# RAW DATA
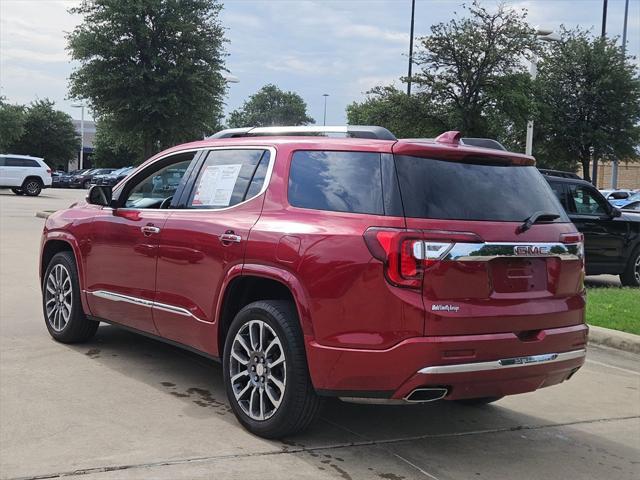 used 2022 GMC Acadia car, priced at $27,800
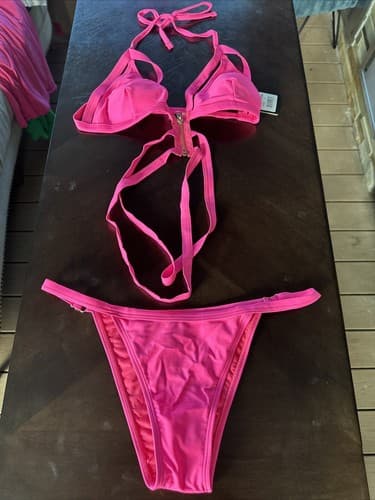 Ree Bees Bikini Swimwear Two Piece Size L Pink - Image 1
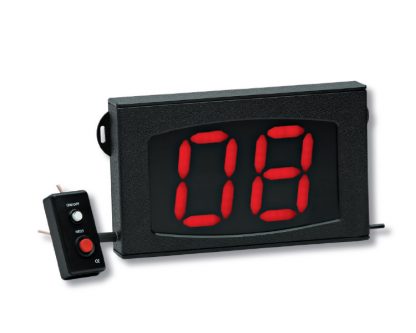 Indicador de turno Visor dos dígitos. Mando con cable.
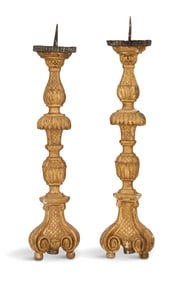 Pair of Italian Altar Sticks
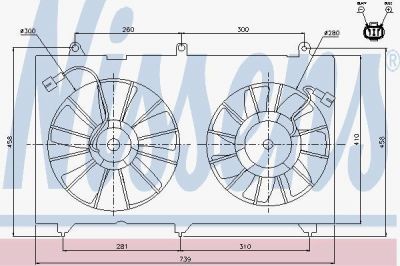 Nissens 85269 вентилятор, охлаждение двигателя на HONDA ACCORD VII Tourer (CM)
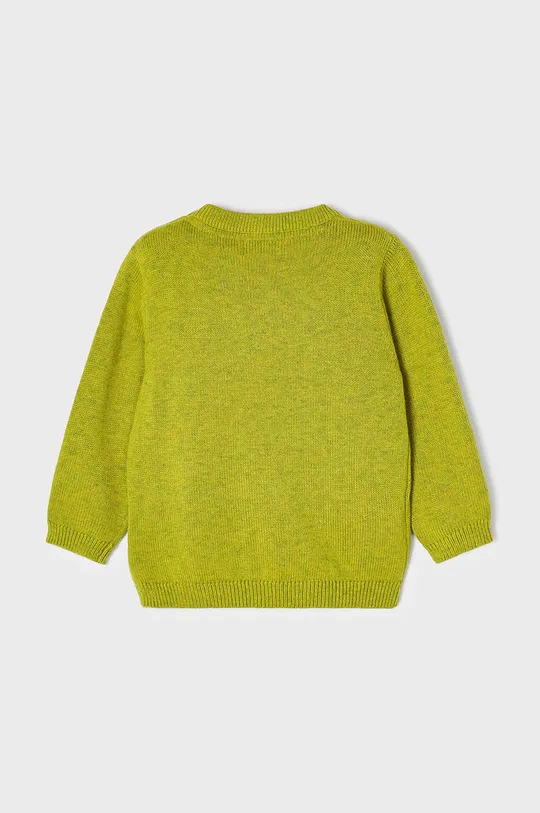 Παιδικό πουλόβερ από μείγμα μαλλιού Mayoral πράσινο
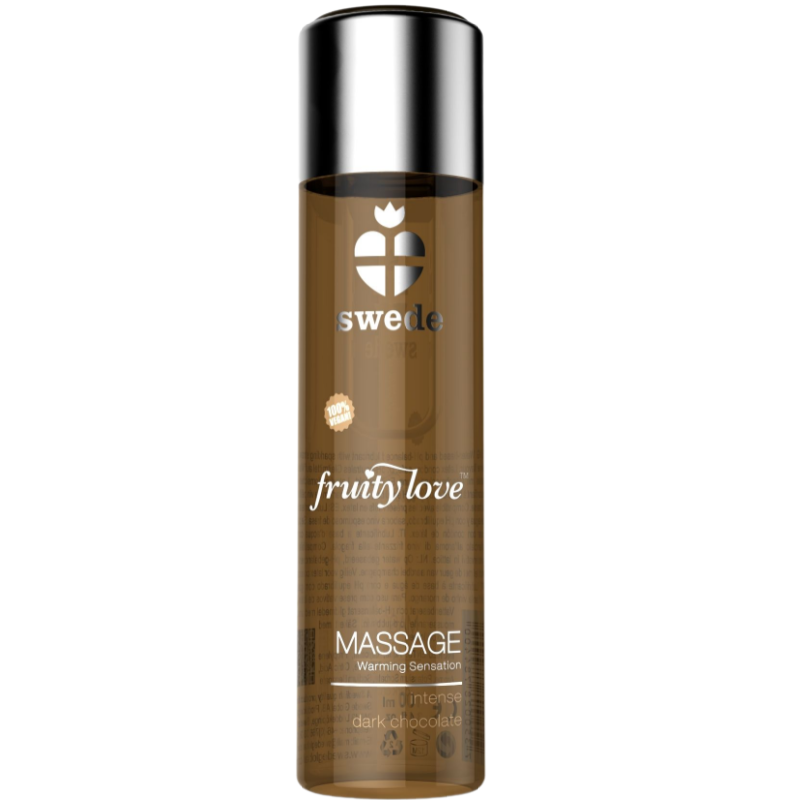 Huile de massage effet chauffant chocolat noir 120 ml - Swede - SWEDE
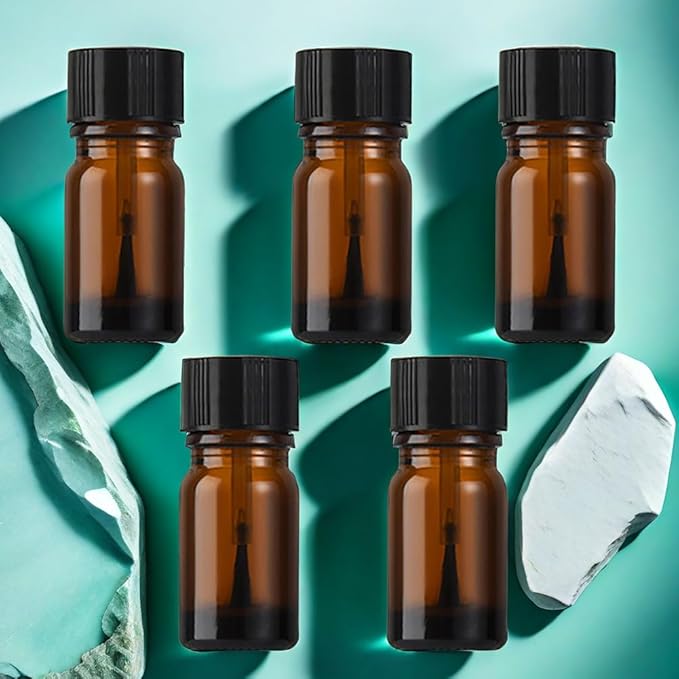 5 Pcs 5ml Empty Nail Polish Bottles With Brush Cap Refillable Nail Polish Containers Nail Art Bottle Nail Varnish Bottle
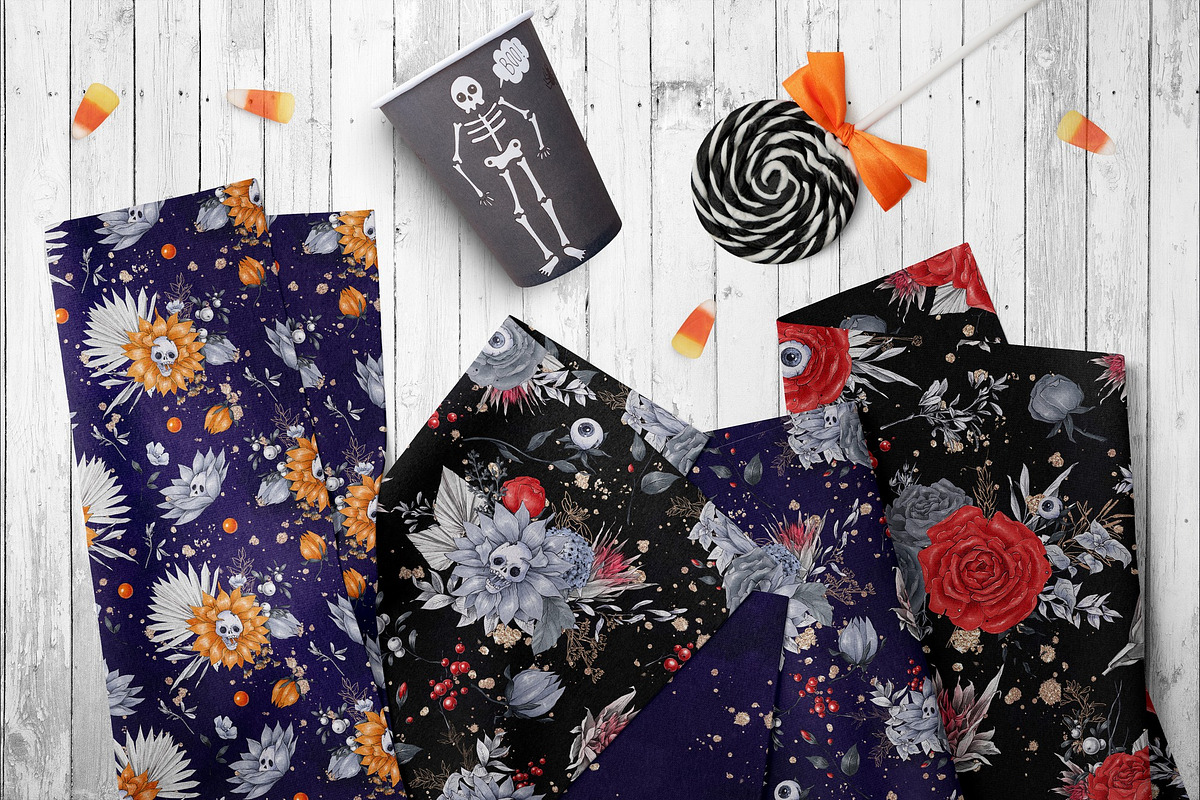 Halloween Party, a Decorative Illustration by Yuliya Art (Photo 8 of 10)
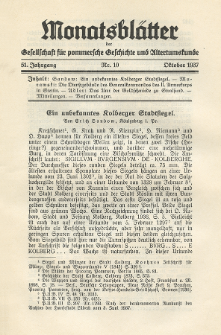 Monatsblätter Jhrg. 51, H. 10 (1937)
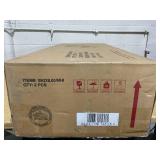 2PCS Simple Outdoor Acacia Wood Foldable Dining Chairs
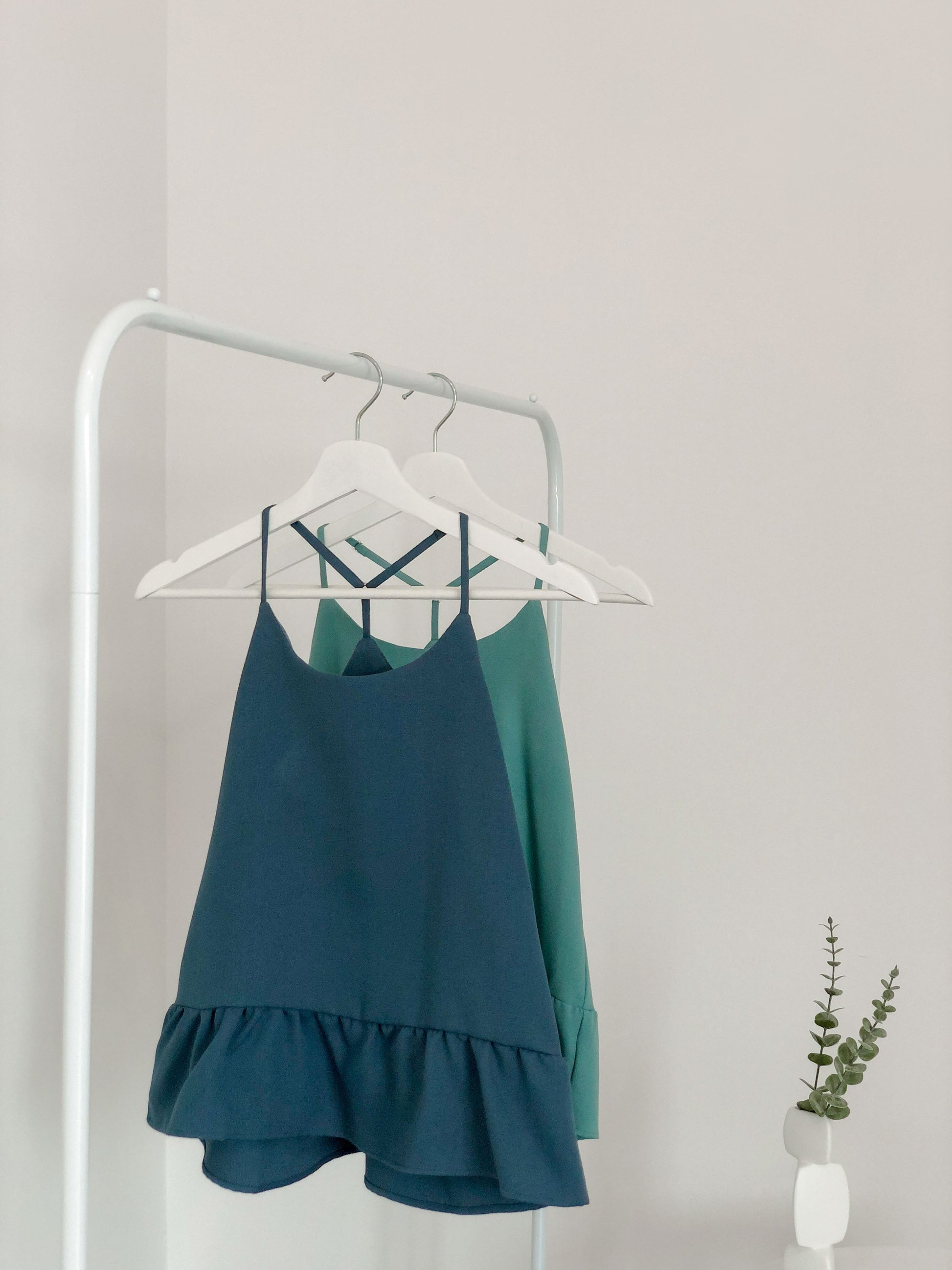 Areca Y-Ruffles Top - Blue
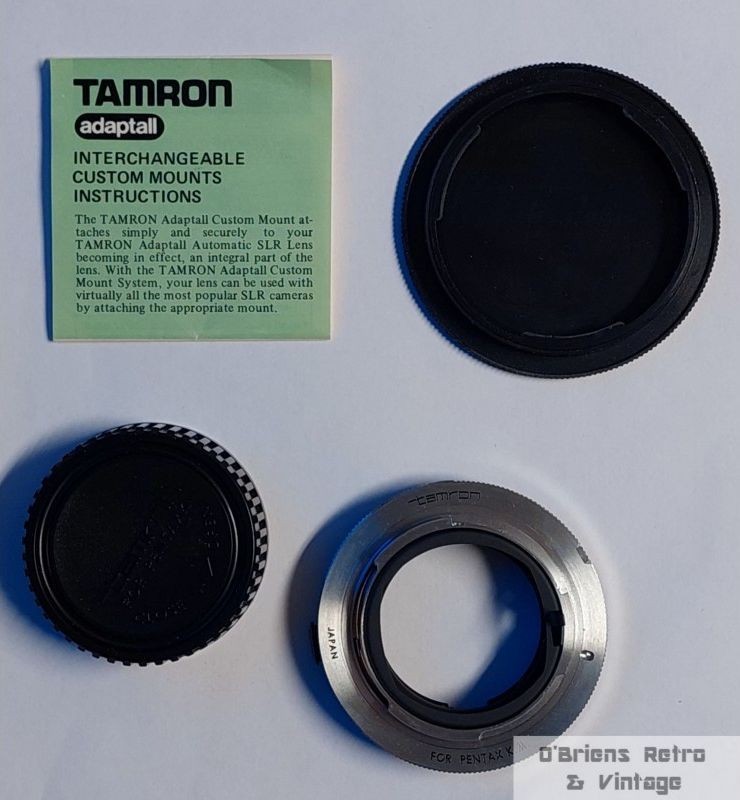 Tamron Adaptall‑2 Mount for Pentax K – With Box & Instructions – Japan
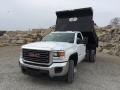 Summit White - Sierra 3500HD Work Truck Regular Cab 4x4 Dump Truck Photo No. 2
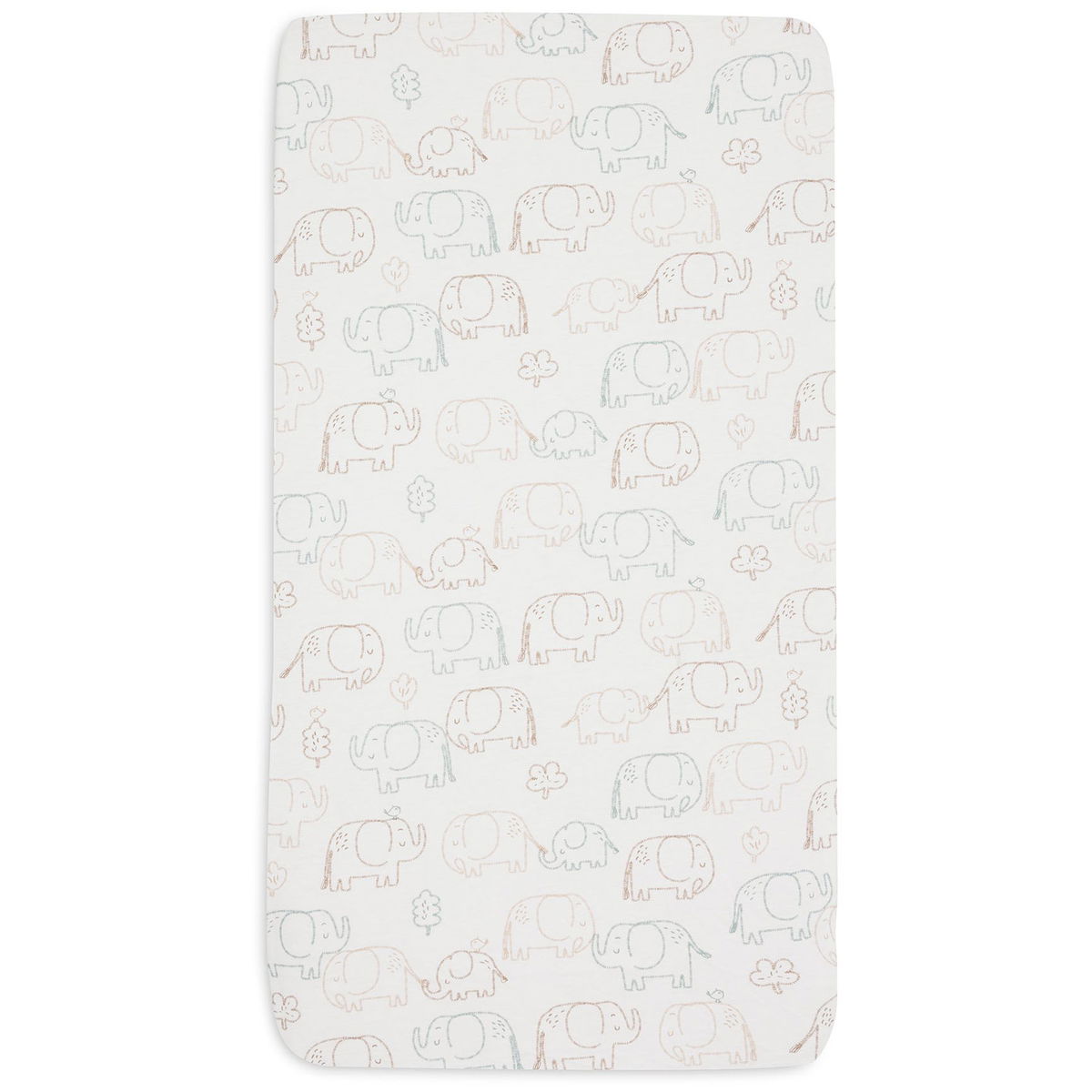 Fixleintuch Jersey Elephant Tales 60 x 120 cm 5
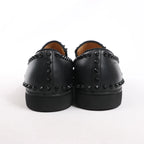 Christian Louboutin Spike Studs Leather Slip-on in Black, Size 42 EU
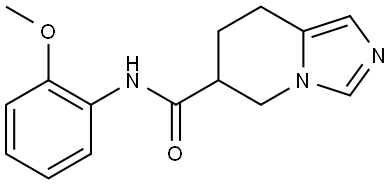 5,6,7,8-Tetrahydro-N-(2-methoxyphenyl)imidazo[1,5-a]pyridine-6-carboxamide Structure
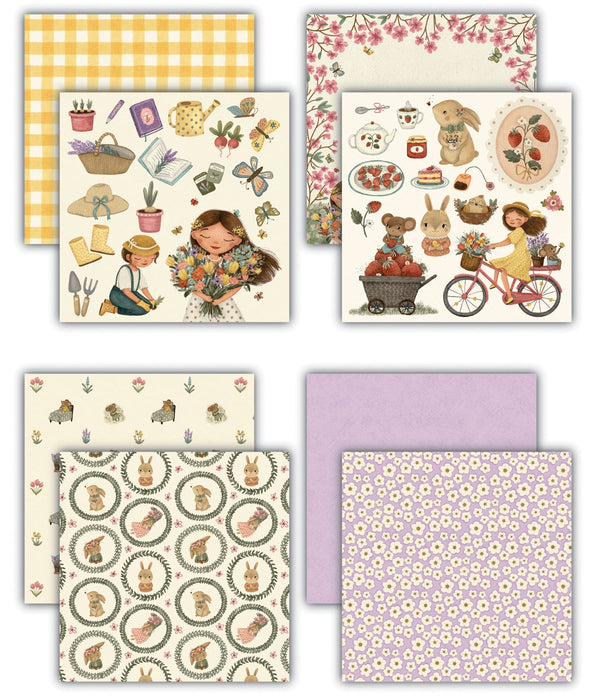 Craft Consortium – Olivia's Wildflower Adventure 8"x8" Premium Paper Pad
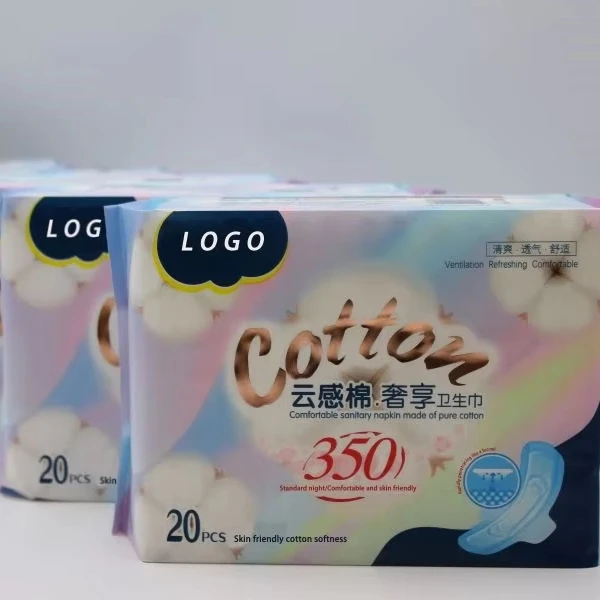 2024 Factory Direct Sales Disposable Cloud Cotton Sanitary Napkin for Women,350mm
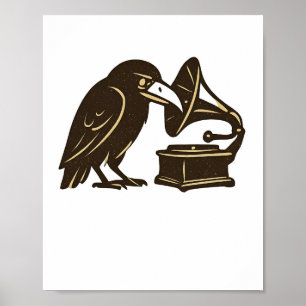 Rabe Gramophon Vintage Musik Kunst Poster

# AIM OF THE TASK
The required output is every line of the data above, set down exactly and stripped of pictures.

# WRITTEN REPLY
 used 2022 GMC Acadia car, priced at $27,800
 Ree Bees Bikini Swimwear Two Piece Size L Pink - Image 1
 Indicador de turno Visor dos dígitos. Mando con cable.
 Pair of Italian Altar Sticks
 Nissens 85269 вентилятор, охлаждение двигателя на HONDA ACCORD VII Tourer (CM)
 Παιδικό πουλόβερ από μείγμα μαλλιού Mayoral πράσινο
 Huile de massage effet chauffant chocolat noir 120 ml - Swede - SWEDE
 5 Pcs 5ml Empty Nail Polish Bottles With Brush Cap Refillable Nail Polish Containers Nail Art Bottle Nail Varnish Bottle
 Halloween Party, a Decorative Illustration by Yuliya Art (Photo 8 of 10)
 Monatsblätter Jhrg. 51, H. 10 (1937)
 2PCS Simple Outdoor Acacia Wood Foldable Dining Chairs
 Areca Y-Ruffles Top - Blue
 Tamron Adaptall‑2 Mount for Pentax K – With Box & Instructions – Japan
 Summit White - Sierra 3500HD Work Truck Regular Cab 4x4 Dump Truck Photo No. 2
 Fixleintuch Jersey Elephant Tales 60 x 120 cm 5
 Christian Louboutin Spike Studs Leather Slip-on in Black, Size 42 EU
 5,6,7,8-Tetrahydro-N-(2-methoxyphenyl)imidazo[1,5-a]pyridine-6-carboxamide Structure
 Craft Consortium – Olivia's Wildflower Adventure 8"x8" Premium Paper Pad
 2024 Factory Direct Sales Disposable Cloud Cotton Sanitary Napkin for Women,350mm
 Rabe Gramophon Vintage Musik Kunst Poster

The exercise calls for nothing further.